Re: git: 151abc80cde7 - main - if_vlan: avoid hash table thrashing when adding and removing entries

From: Kristof Provost <kp_at_FreeBSD.org>
Date: Tue, 26 Jul 2022 09:03:47 UTC
On 25 Jul 2022, at 18:20, John Baldwin wrote:
> On 7/22/22 4:19 PM, Kristof Provost wrote:
>> The branch main has been updated by kp:
>>
>> URL: 
>> https://cgit.FreeBSD.org/src/commit/?id=151abc80cde778bc18b91c334d07fbd52bbb38fb
>>
>> commit 151abc80cde778bc18b91c334d07fbd52bbb38fb
>> Author:     Kristof Provost <kp@FreeBSD.org>
>> AuthorDate: 2022-07-22 17:17:04 +0000
>> Commit:     Kristof Provost <kp@FreeBSD.org>
>> CommitDate: 2022-07-22 17:18:41 +0000
>>
>>      if_vlan: avoid hash table thrashing when adding and removing 
>> entries
>>          vlan_remhash() uses incorrect value for b.
>>          When using the default value for VLAN_DEF_HWIDTH (4), the 
>> VLAN hash-list table
>>      expands from 16 chains to 32 chains as the 129th entry is added. 
>> trunk->hwidth
>>      becomes 5. Say a few more entries are added and there are now 
>> 135 entries.
>>      trunk-hwidth will still be 5. If an entry is removed, 
>> vlan_remhash() will
>>      calculate a value of 32 for b. refcnt will be decremented to 
>> 134. The if
>>      comparison at line 473 will return true and vlan_growhash() will 
>> be called. The
>>      VLAN hash-list table will be compressed from 32 chains wide to 
>> 16 chains wide.
>>      hwidth will become 4. This is an error, and it can be seen when 
>> a new VLAN is
>>      added. The table will again be expanded. If an entry is then 
>> removed, again
>>      the table is contracted.
>>          If the number of VLANS stays in the range of 128-512, each 
>> time an insert
>>      follows a remove, the table will expand. Each time a remove 
>> follows an
>>      insert, the table will be contracted.
>>          The fix is simple.

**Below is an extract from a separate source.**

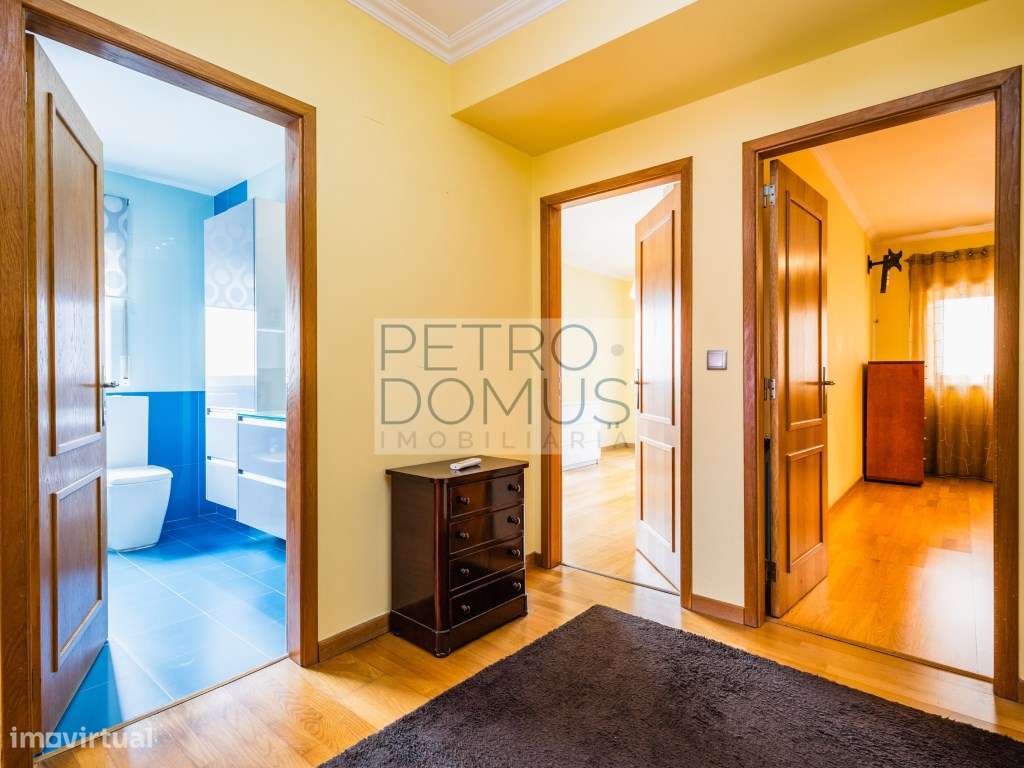 APARTAMENTO T3 - EXCELENTE ESTADO - GUIMAROTA-7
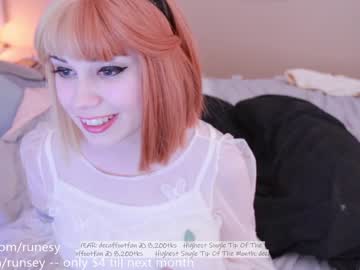 webcam girl runesy live cam image #1748602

The line 473 should test that the number 
>> of entries has
>>      decreased such that the table should be contracted using what 
>> would be the new
>>      value of hwidth. line 467 should be:
>>                  b = 1 << (trunk->hwidth - 1);
>>          PR:             265382
>>      Reviewed by:    kp
>>      MFC after:      2 weeks
>>      Sponsored by:   NetApp, Inc.
>
> This does mean that there are some odd edge cases (e.g. if you remove 
> the 513th entry
> only to turn around and re-add it) that can still thrash even with 
> this fixed.  Not
> sure if those are worth worrying about though?  If they were, perhaps 
> you could
> imagine some sort of "dampener" where you have to remove some number N 
> of entries
> to actually rehash to a smaller table.  But that is probably rather 
> complex to
> implement and probably not worth it?
>
Good point, although I think I agree it’s probably not worth worrying 
too much about this.

There’s a tangentially related issue I also want to look at one of 
these days, namely that the current `trunk->refcnt > (b * b) / 2` check 
results in far too many entries in each hash row. For example, until 128 
vlan interfaces we stick with width = 4, so end up with an average of 8 
entries in each row.
That means that for every inbound packet we scan through a linked list 
of 8 entries to find the correct vlan interface. We should tweak the 
check to reduce this, as all it’ll cost is a tiny bit of memory. (Or 
we should just default VLAN_ARRAY on, paying a bit more memory for no 
linked-list scanning).

Kristof